1

Each sample is an array of features (ints). I need to split my samples into two separate groups by figuring out what the best feature, and the best splitting value for that feature, is. By "best", I mean the split that gives me the greatest entropy difference between the pre-split set and the weighted average of the entropy values on the left and right sides. I need to try all (2^m−2)/2 possible ways to partition these items into two nonempty lists (where m is the number of distinct values (all samples with the same value for that feature are moved together as a group))

The following is extremely slow so I need a more reasonable/ faster way of doing this.

sorted_by_feature is a list of (feature_value, 0_or_1) tuples.

same_vals = {}
            for ele in sorted_by_feature:
                if ele[0] not in same_vals:
                    same_vals[ele[0]] = [ele]
                else:
                    same_vals[ele[0]].append(ele)



            l = same_vals.keys()
            orderings = list(itertools.permutations(l))
            for ordering in orderings:

                list_tups = []
                for dic_key in ordering:
                    list_tups += same_vals[dic_key]

                left_1 = 0 
                left_0 = 0 
                right_1 = num_one
                right_0 = num_zero


                for index, tup in enumerate(list_tups):
                       #0's or #1's on the left +/- 1
                       calculate entropy on left/ right, calculate entropy drop, etc.
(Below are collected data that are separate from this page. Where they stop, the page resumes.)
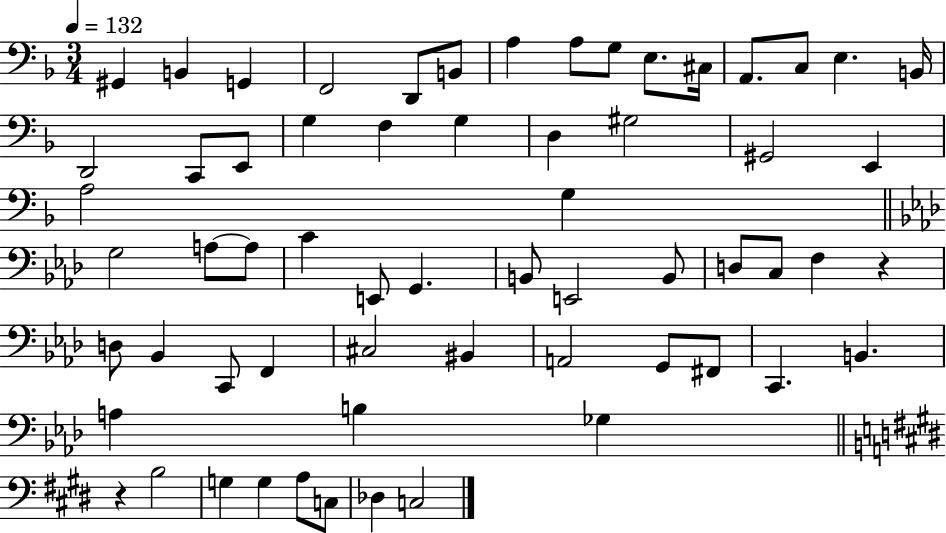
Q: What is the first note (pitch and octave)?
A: G#2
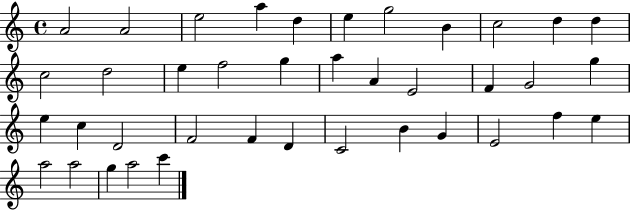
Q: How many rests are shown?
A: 0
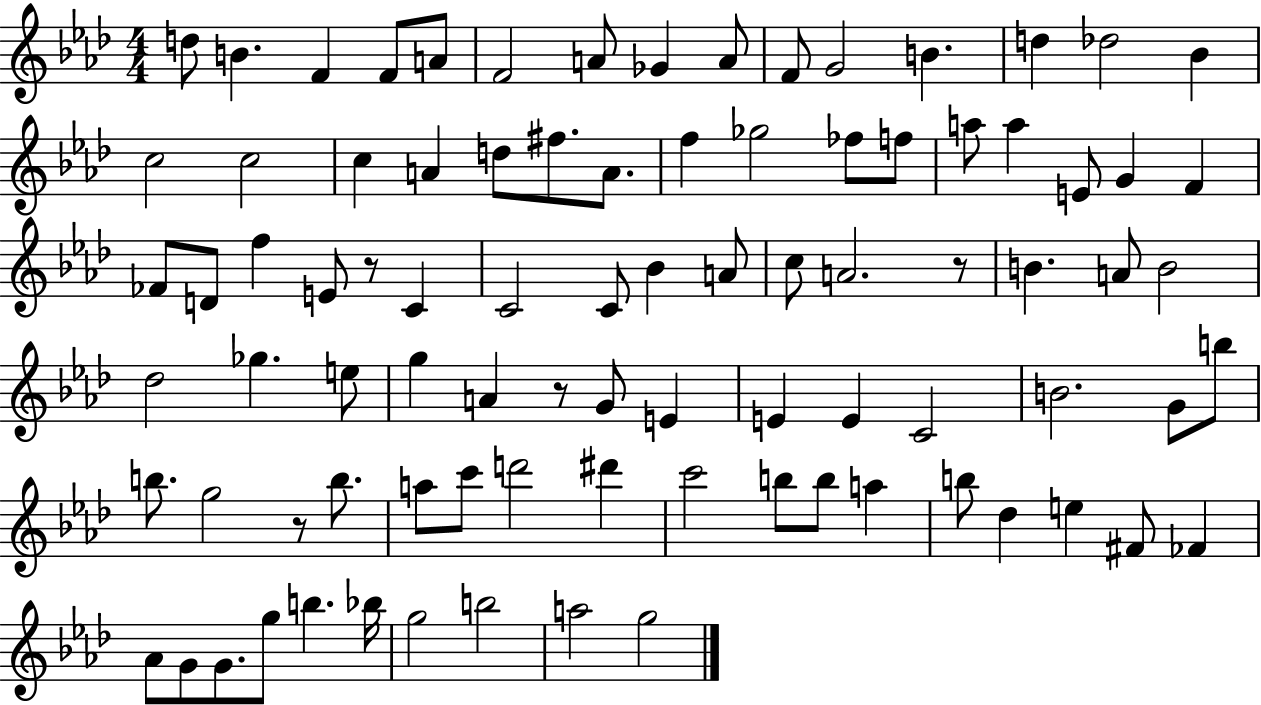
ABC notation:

X:1
T:Untitled
M:4/4
L:1/4
K:Ab
d/2 B F F/2 A/2 F2 A/2 _G A/2 F/2 G2 B d _d2 _B c2 c2 c A d/2 ^f/2 A/2 f _g2 _f/2 f/2 a/2 a E/2 G F _F/2 D/2 f E/2 z/2 C C2 C/2 _B A/2 c/2 A2 z/2 B A/2 B2 _d2 _g e/2 g A z/2 G/2 E E E C2 B2 G/2 b/2 b/2 g2 z/2 b/2 a/2 c'/2 d'2 ^d' c'2 b/2 b/2 a b/2 _d e ^F/2 _F _A/2 G/2 G/2 g/2 b _b/4 g2 b2 a2 g2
Trivial details (continuing the code above):

                if index == len(sorted_by_feature) -1:
                        break
                    if tup[1] == 1:
                        left_1 += 1
                        right_1 -= 1

                    if tup[1] == 0:
                        left_0 += 1
                        right_0 -= 1


                    #only calculate entropy if values to left and right of split are different


                    if list_tups[index][0] != list_tups[index+1][0]:
Jobs
  • 3,317
  • 6
  • 26
  • 52
  • 1
    @AkshatMahajan I'm using itertools.permutations to get all permutations of the values. – Jobs Apr 08 '16 at 18:35
  • @ScottHunter m, the number of distinct values, ranges from 2 to ~40 – Jobs Apr 08 '16 at 18:36
  • @Jobs Fair enough. Note that getting all O(2^m) partitions is (obviously) exponential in space. It translates to exponential time complexity: even if getting a single partition took O(1) time, it'd still have to run for 2^m iterations, making it O(2^m). Note that this implies (for m = 40) 1 trillion operations. Don't know how fast your computer is, but even with 1 billion instructions/sec, it'll take 16 minutes. – Akshat Mahajan Apr 08 '16 at 18:37
  • @Jobs: Simply put: a bad algorithm can't ever be offset by good programming constructs. Are you absolutely sure you need to iterate through _every_ possible combination? There aren't any optimisations you can take to improve it? – Akshat Mahajan Apr 08 '16 at 18:39
  • How do you determine "best splitting value"? Is there a threshold between "good enough splitting value" and "best splitting value" where you could stop searching when you find one that is good enough, and then focus on trying to optimize which you check first, such as with a greedy-walk or similar where you pick the best next discrete value? – Matt Jordan Apr 08 '16 at 18:45
  • You'll end up with a dynamic programming solution. I mean I have no idea what you're doing, but with such a structure that's pretty much a guarantee. You should find enough under that keyword – Voo Apr 08 '16 at 18:56

2 Answers2

3

tl;dr

You're asking for a miracle. No programming language can help you out of this one. Use better approaches than what you're considering doing!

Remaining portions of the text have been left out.